The HookSessionEvents method initializes some event handlers to handle events for the session control, also according to what you saw in the previous chapter. In this Rock Rain version, you handle the events that happen when the player joins a game and when the player terminates the session:
/// <summary>
/// After creating or joining a network session, we must subscribe to
/// some events so we will be notified when the session changes state.
/// </summary>
void HookSessionEvents()
{
networkHelper.NetworkGameSession.GamerJoined +=
GamerJoinedEventHandler;
networkHelper.NetworkGameSession.SessionEnded +=
SessionEndedEventHandler;
}
When the session is terminated, the preceding code calls the SessionEndedEventHandler method to display the game's network scene again, showing an error message that was sent as the reason for the session to end (using the EndReason attribute of the NetworkSessionEndedEventArgs class that is passed as a method parameter), as follows:
// <summary>
/// Event handler notifies us when the network session has ended.
/// </summary>
void SessionEndedEventHandler(object sender, NetworkSessionEndedEventArgs e)
{
networkScene.Message = e.EndReason.ToString();
networkScene.State = NetworkScene.NetworkGameState.idle;
CloseSession();
if (activeScene != networkScene)
{
ShowScene(networkScene);
}
}
In the GamerJoinedEventHandler method, which is called when the player (local or remote) joins a game session, you check if all (two) players have already joined the session to start the game itself. This activates the action scene for both players and associates the player with the corresponding Player object, which you'll subsequently use to differentiate the local player from the remote player:
/// <summary>
/// This event handler will be called whenever a new gamer joins the
/// session.
/// </summary>
void GamerJoinedEventHandler(object sender, GamerJoinedEventArgs e)
{
// Associate the ship with the joined player
if (actionScene.Player1.Gamer == null)
{
actionScene.Player1.Gamer = e.Gamer;
}
else
{
actionScene.Player2.Gamer = e.Gamer;
}
if (networkHelper.NetworkGameSession.AllGamers.Count ==
maxSessionPlayers)
{
actionScene.TwoPlayers = true;
ShowScene(actionScene);
}
}
The method to terminate the session just releases the NetworkSession object, as it did in the previous chapter:
/// <summary>
/// Quit the game session
/// </summary>
private void CloseSession()
{
networkHelper.NetworkGameSession.Dispose();
networkHelper.NetworkGameSession = null;
}
Finally, you have the method to join a game session:
/// <summary>
/// Joins an existing network session
/// </summary>
void JoinSession()
{
networkScene.Message = "Joining a game...";
networkScene.State = NetworkScene.NetworkGameState.joining;
try
{
// Search for sessions
using (AvailableNetworkSessionCollection availableSessions =
NetworkSession.Find(NetworkSessionType.SystemLink,
maxLocalPlayers, null))
{
if (availableSessions.Count == 0)
{
networkScene.Message = "No network sessions found.";
networkScene.State = NetworkScene.NetworkGameState.idle;
return;
}
// Join the first session we found.
networkHelper.NetworkGameSession = NetworkSession.Join(
availableSessions[0]);
HookSessionEvents();
}
}
catch (Exception e)
{
networkScene.Message = e.Message;
networkScene.State = NetworkScene.NetworkGameState.idle;
}
}
This code is practically the same as in the previous chapter. You just add some messages to the network scene based on the success or failure of joining the game:
Now that you can create, terminate, and join a session in progress for a network game, you already have all the necessary structure to be able to send and receive data. You should now start to think about what your communication protocol will be. We'll cover that in the following section.
Let's Talk
A communication protocol is a "language" spoken between the client and the server. It defines the way the messages are sent and received so that with this message exchange you can keep your game state in sync.

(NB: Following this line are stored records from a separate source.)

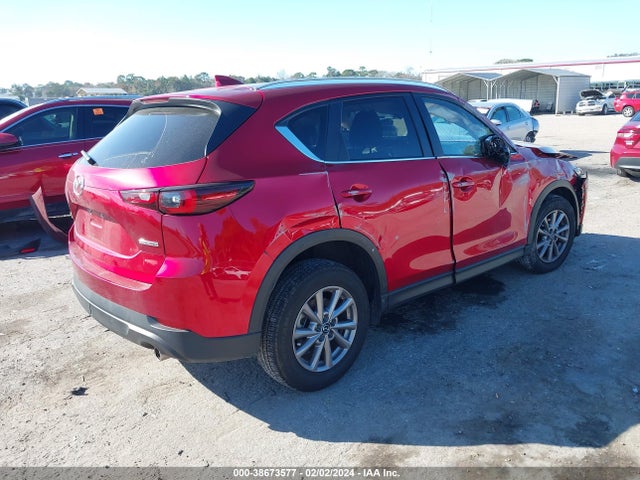 JM3KFBBM2N0541469 Mazda Cx-5 2.5 S Select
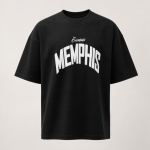 تیشرت باکسی مردانه Memphis - تصویر 3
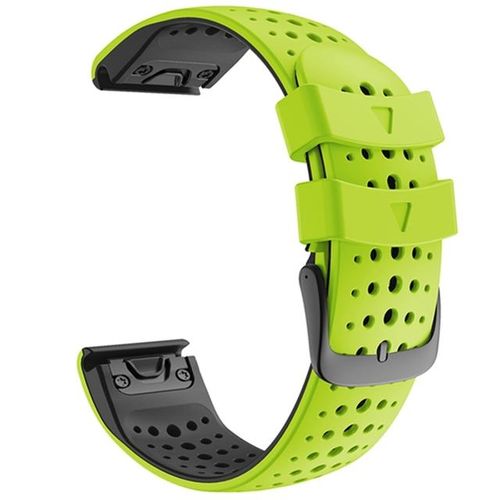 Quick Fit 22mm Silicone Wristband For Garmin Fenix 6 Fenix6 Gps Strap Easyfit Band Marq/fenix 5 Bracelet Watch Bands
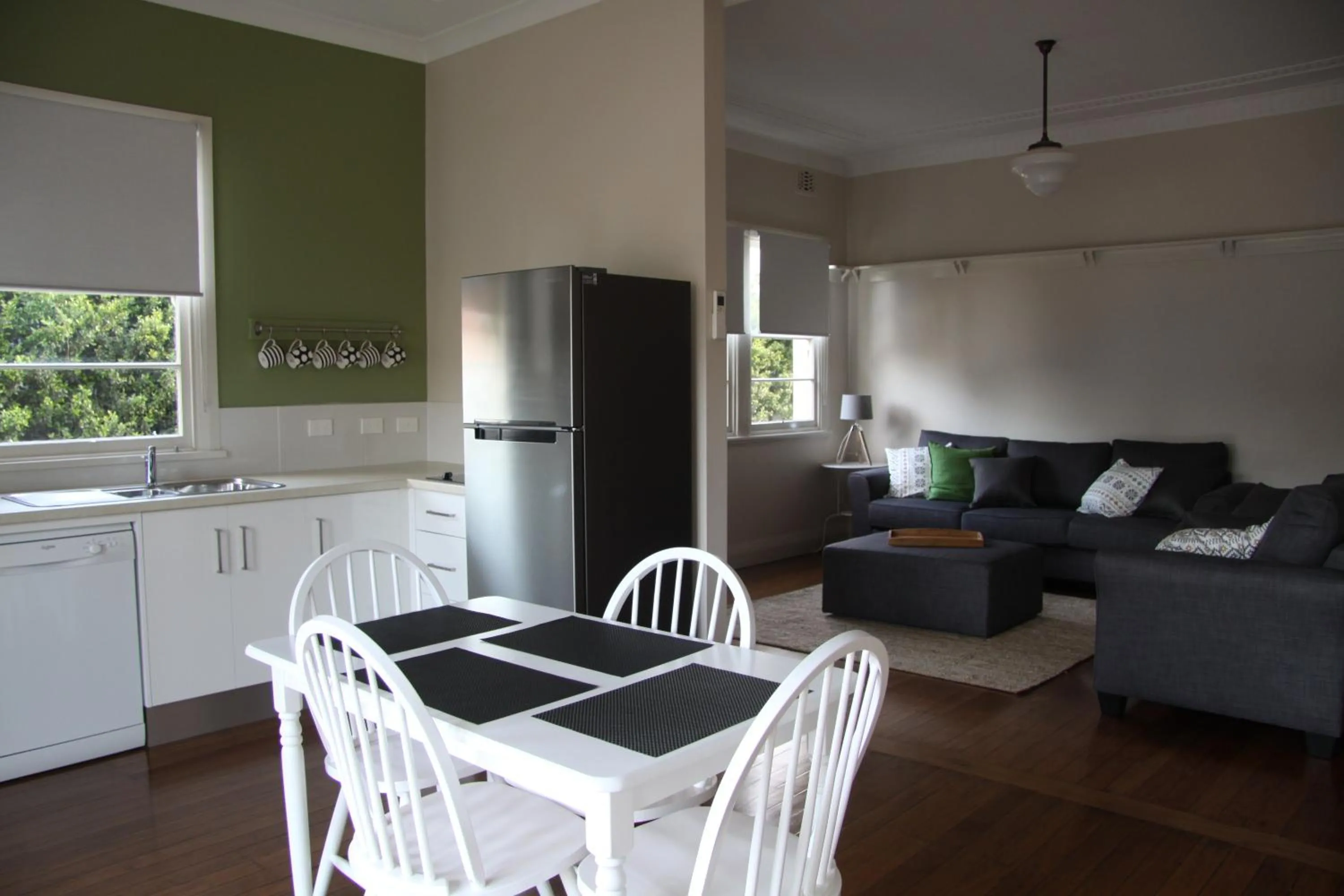 Victoria Street Apartments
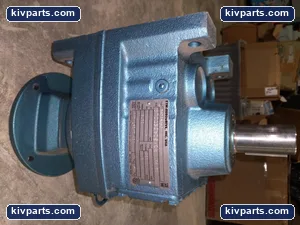 SEW-Eurodrive R47AM143/56 Gear Reducer – actual item, photo 3 of 4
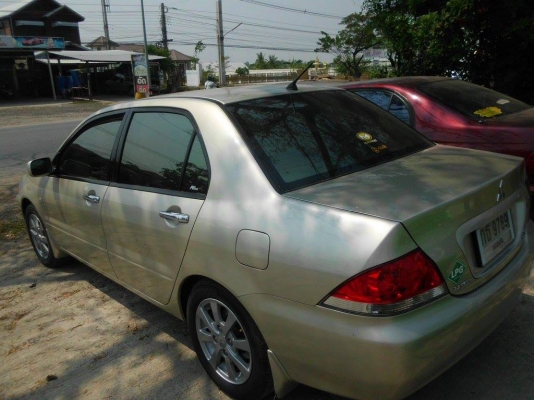 ขายรถเก๋งมิตซู ซีเดีย ปี 2008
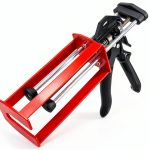 200ml Epoxy Gun LIGAGEDE 1:1 & 2:1 Dual Cartridge Adhesive Applicator-0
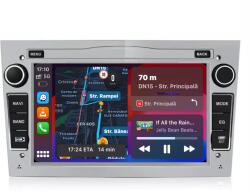NavStore Navigatie Dedicata Opel, 7Inch, 2Gb Ram, 32Gb stocare, Carplay, Argintiu (NS0044)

You saw in the previous chapter that these messages are sent and received through PacketWriter and PacketReader class objects, respectively. You can send or receive any kind of data with these classes, but you need to define a protocol so that this communication is done efficiently.
Suppose that you're playing a network game with a friend on the other side of the world and you suddenly pause the game. You need to tell the other player somehow that you paused, and therefore his game must also pause, so that he doesn't obtain any advantage while you're on the toilet. How do you let the other player know that you paused, and how do you let him know when you return to the game?
In the case of Rock Rain, your protocol is simple. Each message that you send to the other player is composed of a header with a character that explains which message is being sent, followed by the message itself.
In the case of pausing the game, the header is 'P' and the message is true or false, depending on the pause status. So, when the player pauses, the header is 'P' and the message is true. When the player resumes after the pause, the header is 'P' and the message is false.
So, when you detect that the user wants to pause or stop the pause, you should send this data to the PacketWriter object corresponding to the client or to the server, depending on which one wants to change the pause state. To do this, change the HandleActionInput method of the Game1 class and add the following lines:
if (enterKey)
{
if (actionScene.GameOver)
{
ShowScene(startScene);
}
else
{
audio.MenuBack.Play();
actionScene.Paused = !actionScene.Paused;
// Send the pause command to the other player
if (networkHelper.NetworkGameSession != null)
{
// If we are the server, send using the server packets
if (networkHelper.NetworkGameSession.IsHost)
{
networkHelper.ServerPacketWriter.Write('P'),
networkHelper.ServerPacketWriter.Write(
actionScene.Paused);
}
else
{
networkHelper.ClientPacketWriter.Write('P'),
networkHelper.ClientPacketWriter.Write(
actionScene.Paused);
}
}
}
if (backKey)
{
if (networkHelper.NetworkGameSession != null)
{
CloseSession();
networkScene.State = NetworkScene.NetworkGameState.idle;
networkScene.Message = "";
ShowScene(networkScene);
}
else
{
ShowScene(startScene);
}
}
}
Note Be careful when defining the format of your messages. The network traffic has a lot of influence on the performance of an online game. Overall, strive for the least amount of traffic possible, so that the server doesn't keep processing messages for too long. Besides the client/server model, XNA offers the peer-to-peer (P2P) model, which might be more adequate for games with excessive message exchange or with large states, such as the massive multiplayer online (MMO) type of games.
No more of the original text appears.